> Provided data:
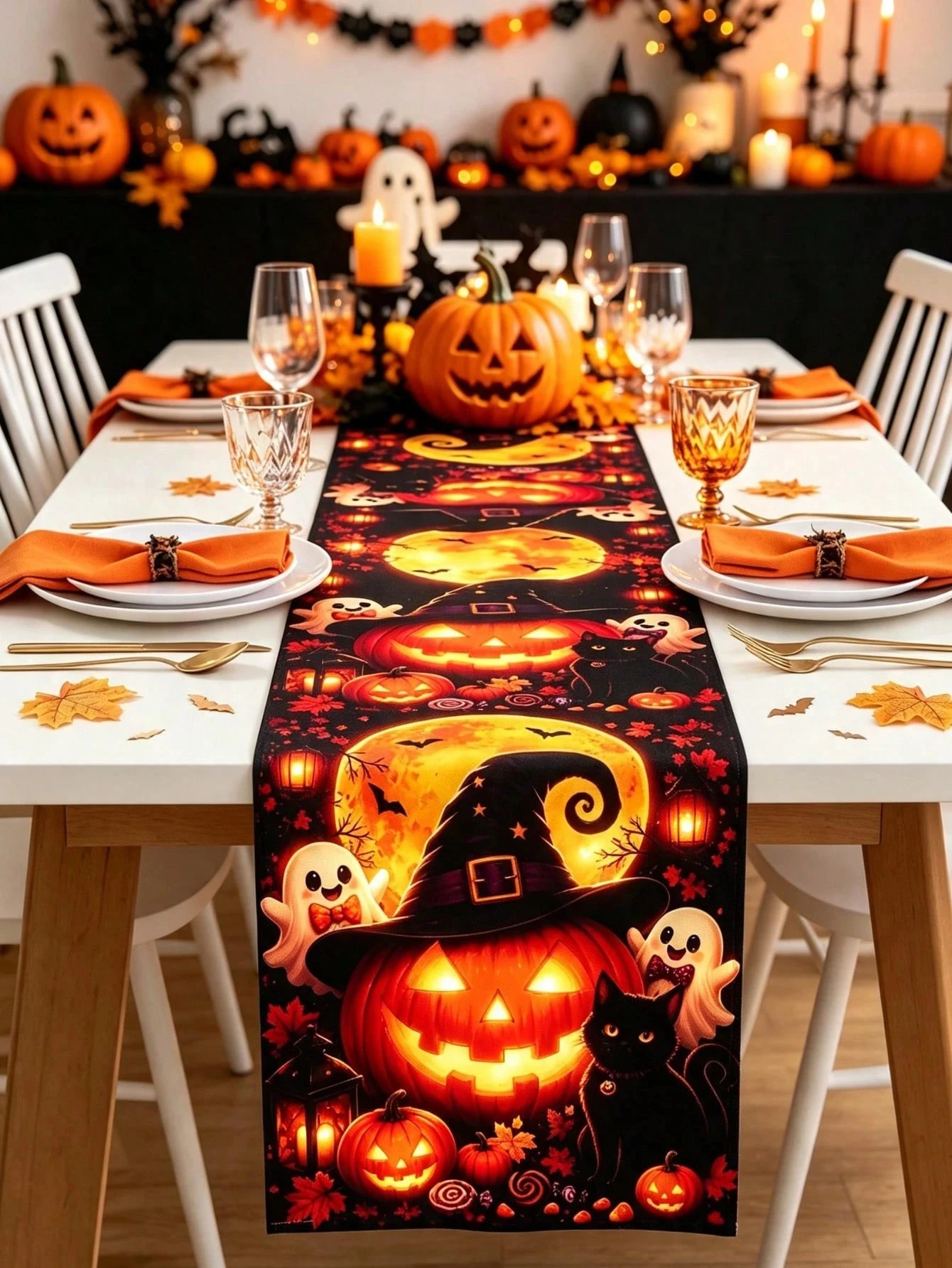 Halloween Linen Table Runner, 2D Witch Hat Pumpkin Black Cat Ghost Moon Print, Multiple Sizes, Ideal Halloween Party Table Decor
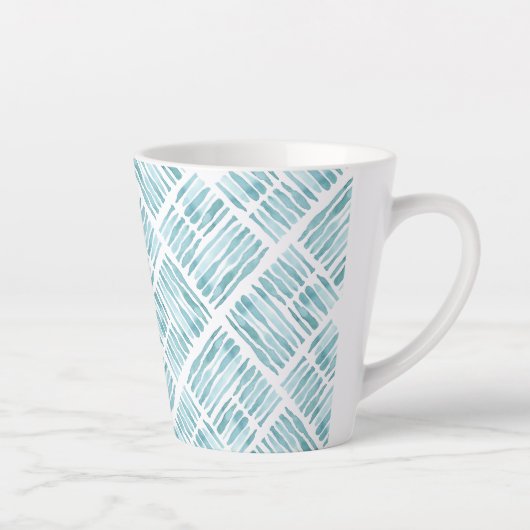 Waterverf modern blauw gestreept diagonaal patroon latte mok (Rechts)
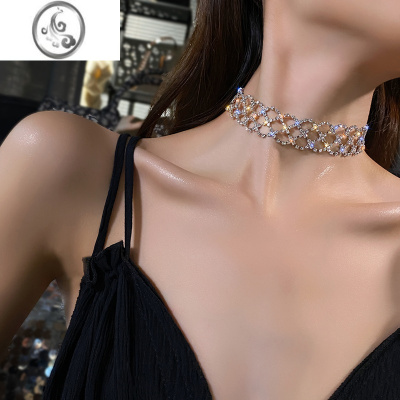 JiMi欧美性感网红超闪水钻颈链chocker锁骨链女脖子饰品韩国短款项链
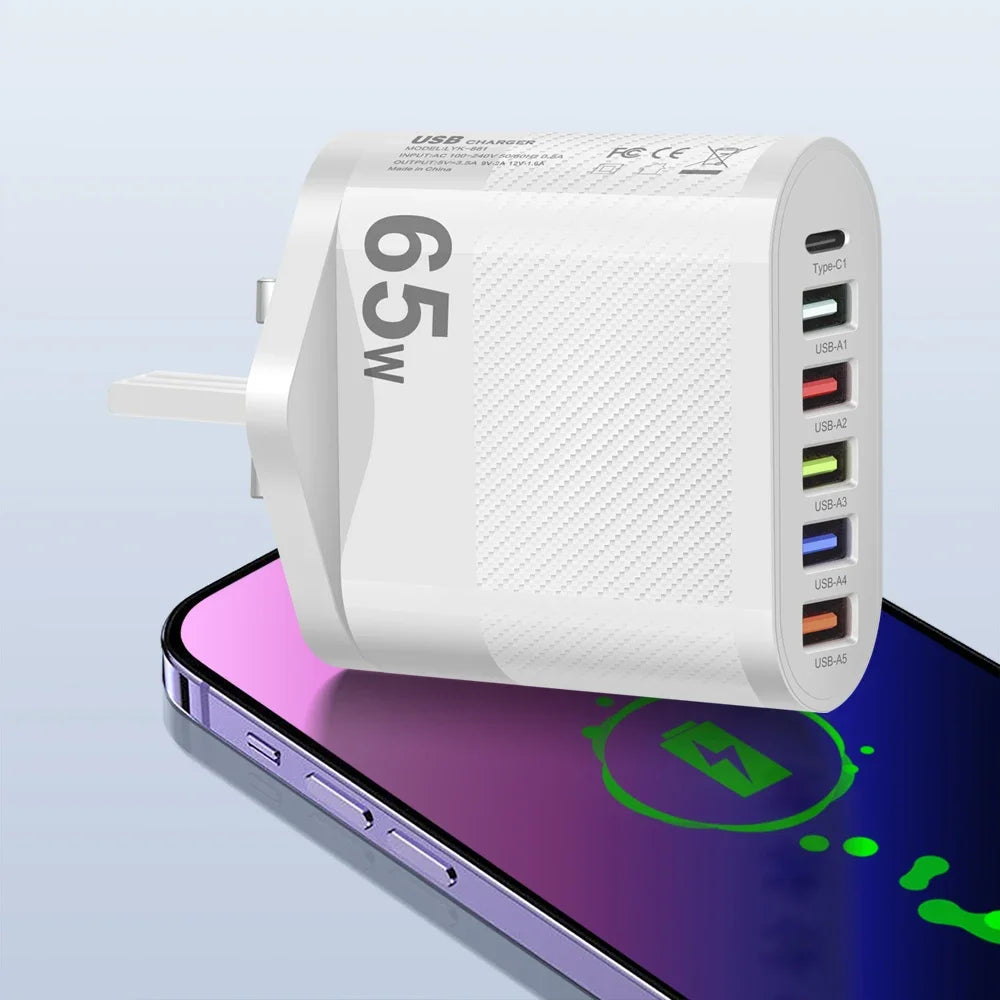 3.1A 5 Ports USB Charger PD Fast Charging Adapter For iPhone Xiaomi Samsung Mobile Phone EU/US/UK Plug Charge QC3.0 Wall Charger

> Task goal: When an image appears in the data, skip it and output the rest exactly.

> Answer to this task:
 Halloween Linen Table Runner, 2D Witch Hat Pumpkin Black Cat Ghost Moon Print, Multiple Sizes, Ideal Halloween Party Table Decor
 Waterverf modern blauw gestreept diagonaal patroon latte mok (Rechts)
 JiMi欧美性感网红超闪水钻颈链chocker锁骨链女脖子饰品韩国短款项链
 3.1A 5 Ports USB Charger PD Fast Charging Adapter For iPhone Xiaomi Samsung Mobile Phone EU/US/UK Plug Charge QC3.0 Wall Charger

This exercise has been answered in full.